Mise en contexte
Nous avons décidé de former un comité de mobilisation s'adressant à l'ensemble des travailleurs et travailleuses à l'intérieur de l'hôpital de Verdun. Notre action visait d'abord à créer un espace où discuter de nos conditions de travail. La politique de terrain, ou, en d'autres termes, l’organisation politique des travailleurs eux-mêmes dans leur milieu, rend possible une prise de conscience collective de nos conditions et des possibilités que nous avons de les modifier. Toutefois, nous avons été particulièrement déçus de l'attitude des représentants syndicaux locaux de la CSN et de la FIQ qui se sont opposés à notre initiative.

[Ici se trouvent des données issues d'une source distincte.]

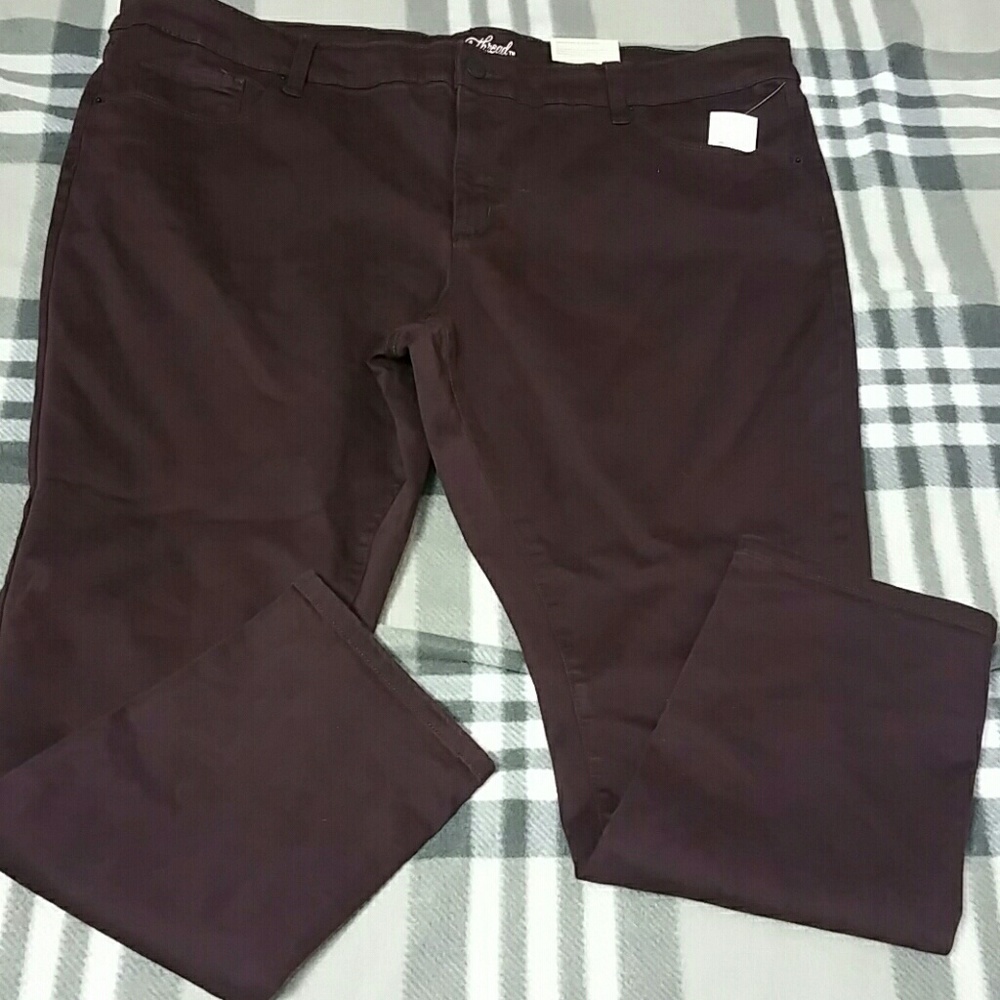 Universal tread New Size 22Wx28"L Skinny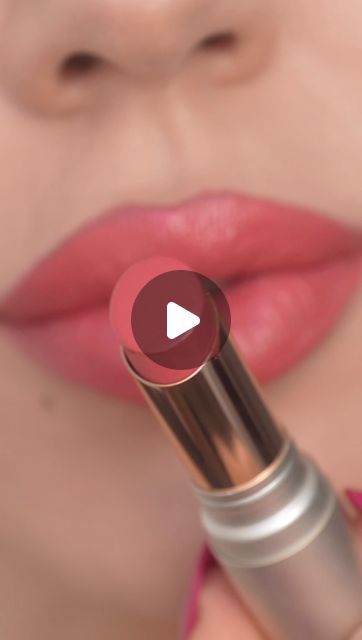 KIKO Milano Official on Instagram: "Check out @sosodoesmakeup ‘s lip combos featuring some of our #KIKOLips fan favorites! 💄💋 Are you feeling bold with a bright fuchsia or playful with a bubblegum pink vibe today? 💖 Long Lasting Colour Lip Marker 110 - Jelly Stylo 507 - New Creamy Colour Comfort Lip Liner 05 - Hydra Shiny Lip Stylo 03

#KIKOYrendsetters #lipcombo #liplook #lipliner #lipmarker" Kiko Lip Marker, Pink Vibe, Lip Combos, Shiny Lips, Kiko Milano, Pink Vibes, Bubblegum Pink, Lip Liner, Bubble Gum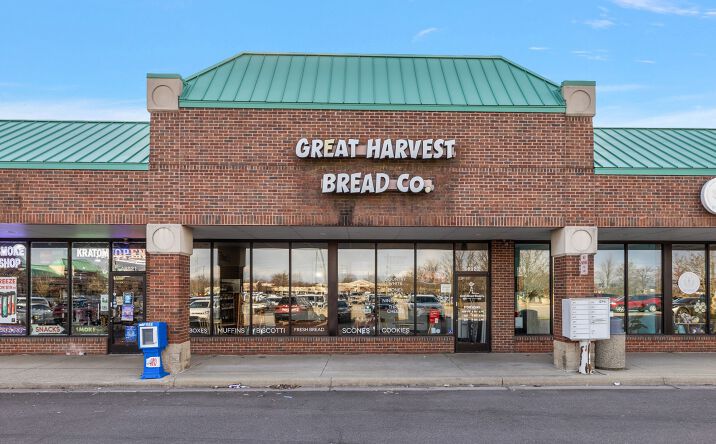 Pictures of Retail property located at 48923 Hayes Rd, Shelby, MI 48315 for sales - image #1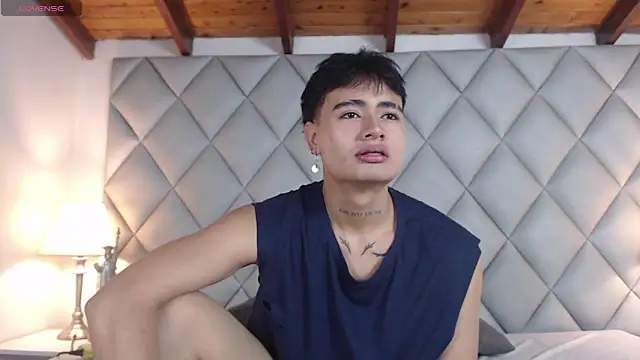 Clement Reyes online show from 10/19/25, 01:25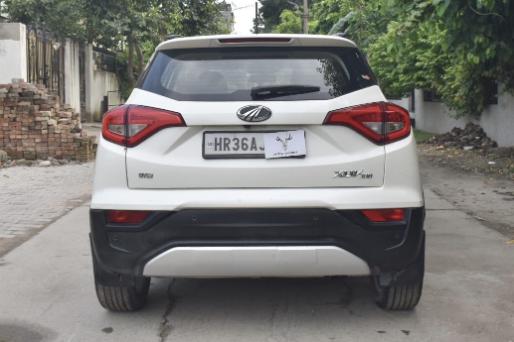 XUV300 W8 BS6 MT 2021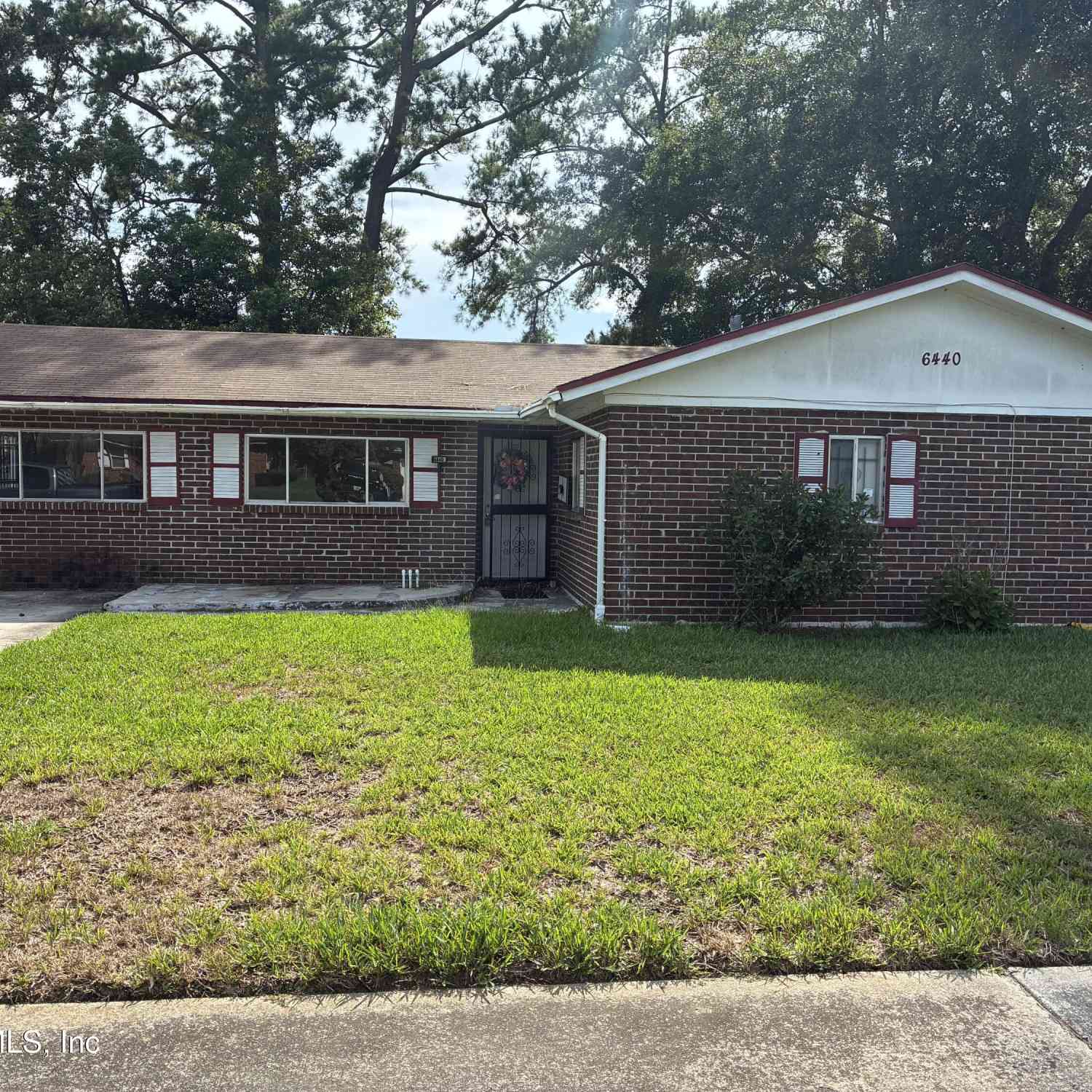 Homes For Sale - 6440 Manhattan Drive<br/> Duval County, Jacksonville, FL 32219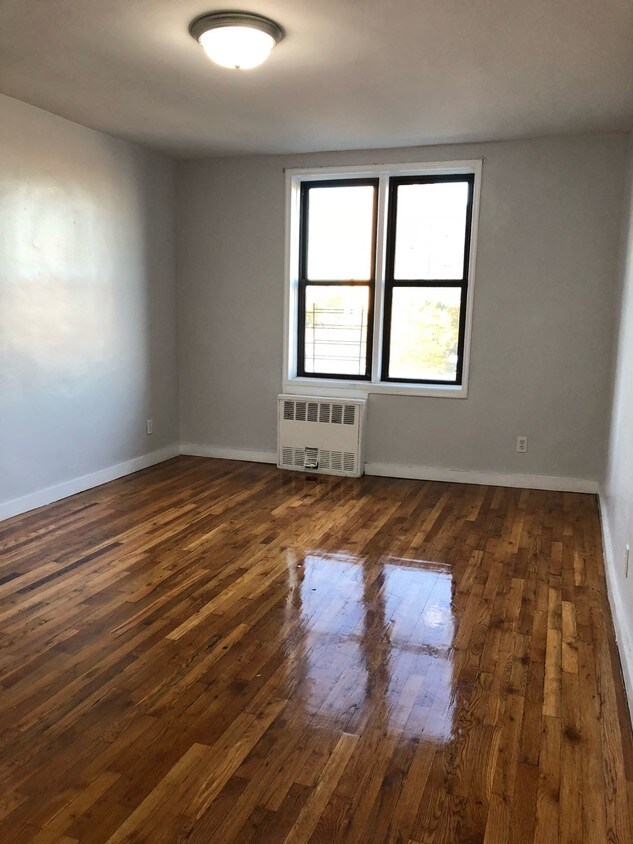 Building Photo - 743-755 Fenimore St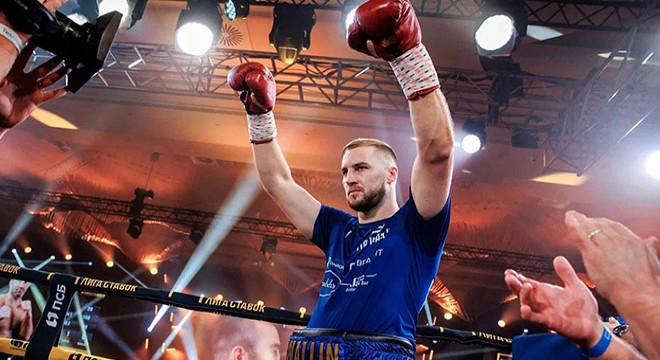 Antalya'da Rus boksör Gassiev, İsveçli Wallin'e yenildi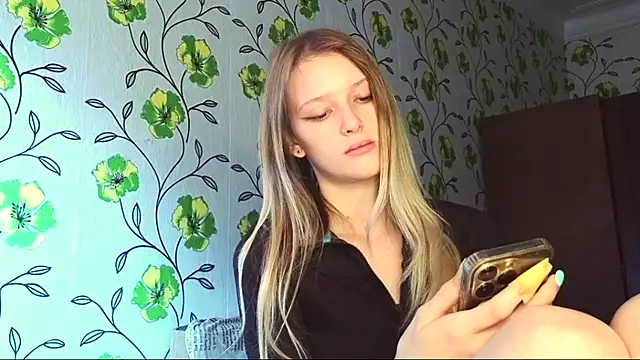 starfrom_hell (F young) - show body slow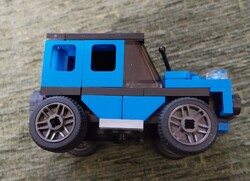 Lego kompatibilis lendkerekes kék kisautó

Le syndicalisme a permis des gains historiques aux travailleurs du Québec. Nous avons du respect pour les ouvriers et les syndicalistes qui ont mené une lutte acharnée afin qu'encore aujourd'hui le syndicat permette un rapport de force face à l'employeur. Nous nous permettons cependant de rappeler qu'avant de devenir des centrales, les syndicats sont nés de l'union locale de travailleurs spécialisés. Quelle ironie que nos représentants syndicaux s'opposent aujourd'hui à la création d'un comité de travailleurs !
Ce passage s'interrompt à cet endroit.